Across boardrooms in Frankfurt, Milan, and Amsterdam, the conversation has shifted. Digital transformation is no longer a strategic ambition deferred to the next budget cycle—it is an operational imperative with measurable consequences for valuation, compliance posture, and competitive positioning. Two landmark reports published in early 2026—NTT DATA’s Cloud Maturity Index (March 2026) and Infor’s Enterprise AI Adoption Impact Index (April 2026)—provide the clearest empirical picture yet of where large organisations stand, and where the gaps are widening into liabilities.

Cloud Maturity: The Gap Between Aspiration and Execution

NTT DATA’s March 2026 research surveyed enterprise IT and business leaders across 14 countries, revealing a persistent and commercially significant divide between cloud strategy and cloud execution. While over 78% of respondents reported having a formal cloud migration roadmap, fewer than 34% classified their organisation as operating at an advanced or optimised cloud maturity level. The remaining two-thirds remain in transitional states—exposed to technical debt, fragmented data architectures, and escalating vendor lock-in risks.

For CFOs and General Counsel, this data carries direct implications. Cloud immaturity is no longer merely a technology problem; it surfaces during M&A due diligence as a valuation discount, and it creates compliance exposure under frameworks such as DORA (Digital Operational Resilience Act), which entered full application across EU financial entities in January 2025. Organisations that cannot demonstrate resilient, auditable cloud infrastructure face regulatory scrutiny and reputational risk in equal measure.

  • Action for CFOs: Commission an independent cloud maturity assessment before the next capital allocation cycle.
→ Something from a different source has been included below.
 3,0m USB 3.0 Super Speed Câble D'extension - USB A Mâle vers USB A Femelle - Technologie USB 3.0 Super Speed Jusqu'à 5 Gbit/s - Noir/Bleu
Infrastructure debt compounds silently until it becomes a transaction risk.
  • Action for General Counsel: Map current cloud architecture against DORA ICT risk management requirements and identify contractual gaps with third-party cloud providers.
  • Action for CTOs: Prioritise workload portability and interoperability standards to reduce vendor concentration risk ahead of any potential M&A event.

AI Adoption in Enterprise: Productivity Gains Are Real, but Governance Lags

Infor’s April 2026 Enterprise AI Adoption Impact Index offers a more granular lens on where artificial intelligence is delivering measurable returns—and where the absence of governance frameworks is creating new categories of risk. Among enterprises that have deployed AI in core operational workflows, 61% reported measurable productivity improvements within 12 months, with the highest gains concentrated in finance automation, supply chain optimisation, and customer operations.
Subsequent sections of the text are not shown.